Confieso que no pensé que realmente llegaríamos a Chongjin. A Lia y a mí nos habían advertido, más de una vez, que la ciudad está en esa breve lista de lugares en Corea del Norte que de vez en cuando se abren a los extranjeros y luego, con la misma rapidez, vuelven a cerrarse. Cuando nuestro guía confirmó el itinerario la noche anterior, me quedé despierto en nuestra habitación de hotel en Pyongyang repasando todo lo que había leído sobre el lugar: la tercera ciudad más grande del país, un puerto que los japoneses desarrollaron durante la ocupación para sacar el mineral de hierro de las minas de Musan. Nada de esa lectura me preparó para el sonido del lugar: ese zumbido industrial bajo que nunca se detiene del todo, incluso en los bordes de la ciudad, donde los bloques de apartamentos dan paso a colinas costeras cubiertas de matorrales.

El Complejo de Hierro y Acero Kim Chaek es lo primero que notas, honestamente, antes de notar casi cualquier otra cosa. Nuestra furgoneta redujo la velocidad cerca de él y yo apoyé la frente en la ventanilla como un niño, viendo cómo el vapor se elevaba de las chimeneas contra un cielo del color del cemento mojado. Nuestro guía nos contó que lleva el nombre de un comandante militar, y lo dijo con ese tipo de orgullo cívico que imagino usaría alguien de Pittsburgh al hablar de una acería donde trabajó su abuelo. No tomé ni una sola foto de la que estuviera del todo seguro —nos habían advertido que tuviéramos cuidado con cualquier cosa que pudiera parecer estratégica—, pero recuerdo que Lia me agarró de la manga y simplemente asintió ante la escala de aquello, la forma en que el complejo parecía tragarse una sección entera del horizonte.

Vapor elevándose de las chimeneas de un complejo industrial en Chongjin, Corea del Norte

Lo que más me sorprendió fue la costa. Me había imaginado Chongjin como pura industria pesada, pero terminamos caminando al atardecer por un tramo del puerto donde el agua se volvía de un gris dorado suave y los barcos de pesca reposaban bajos junto a los muelles. Durante unos minutos parecía cualquier otra ciudad portuaria envejecida por la que había vagado en mis veintitantos —pensé, curiosamente, en El Havre, o en partes de la costa vasca antes de que llegaran los turistas—. Entonces un altavoz crepitó en algún lugar detrás de nosotros y la ilusión se rompió de golpe. Ese contraste, hermoso e inquietante en el mismo lapso de diez minutos, es lo más cierto que puedo contarte sobre Chongjin.

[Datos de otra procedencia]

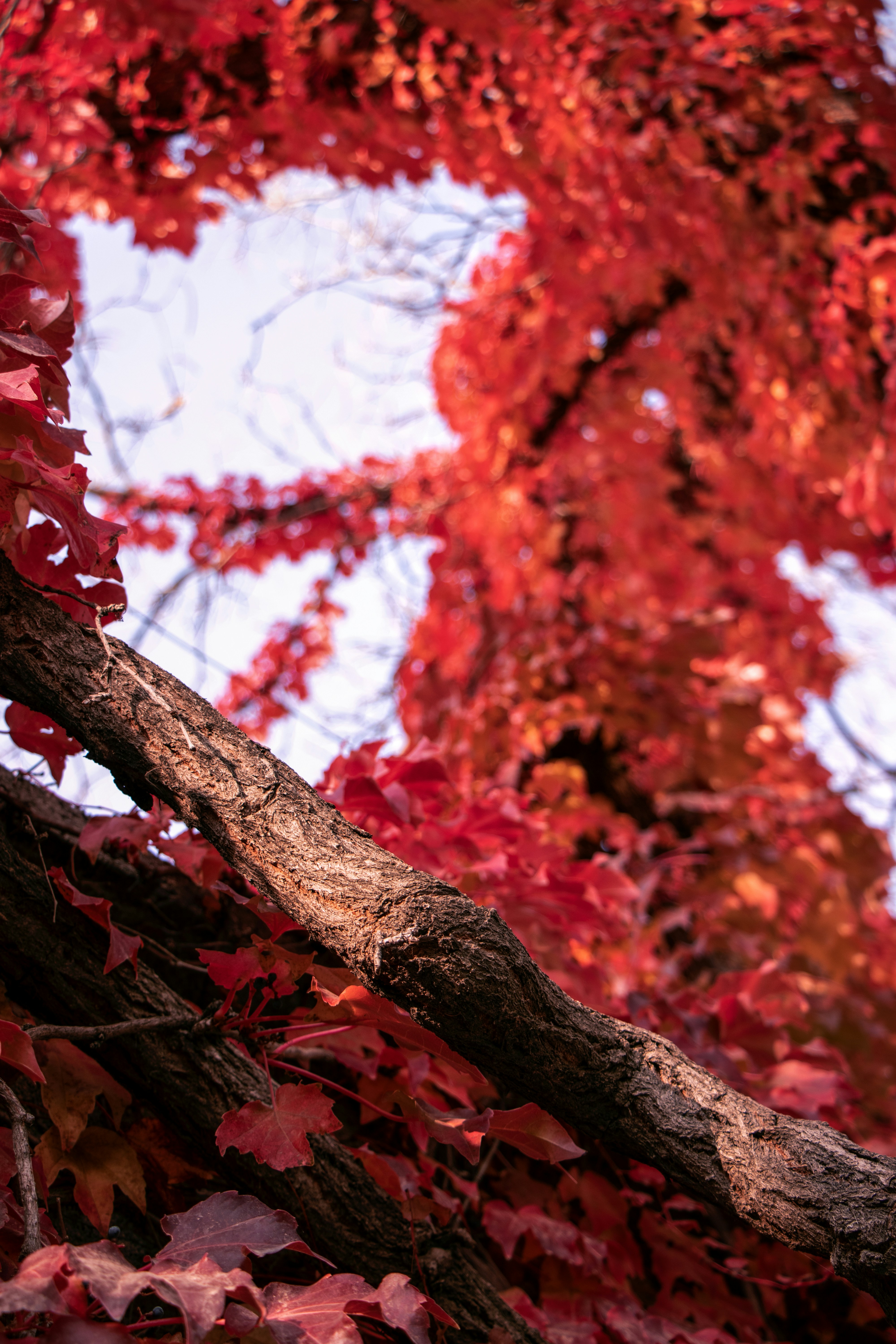 Photo by mobinalizadehph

Barcos de pesca amarrados en el puerto al atardecer en Chongjin

Esa noche cenamos en un pequeño restaurante que nuestro guía claramente eligió con cuidado, una especie de pescado a la parrilla con una pasta de chile que Lia todavía menciona cada vez que hablamos de Corea del Norte. No sé cuándo, ni si, volveremos a ir —el acceso a Chongjin siempre ha sido impredecible, sujeto a permisos que cambian sin mucho aviso—. Pero desde entonces le tengo un extraño cariño a esa ciudad, del tipo que sientes por un lugar que te dejó ver algo que normalmente guarda solo para sí.

Cuándo ir: Septiembre nos regaló un clima suave y agradable para caminar por la costa, aunque recomendaría revisar bien los permisos de turismo vigentes antes de planear el viaje: Chongjin se abre y se cierra a los visitantes con poco aviso.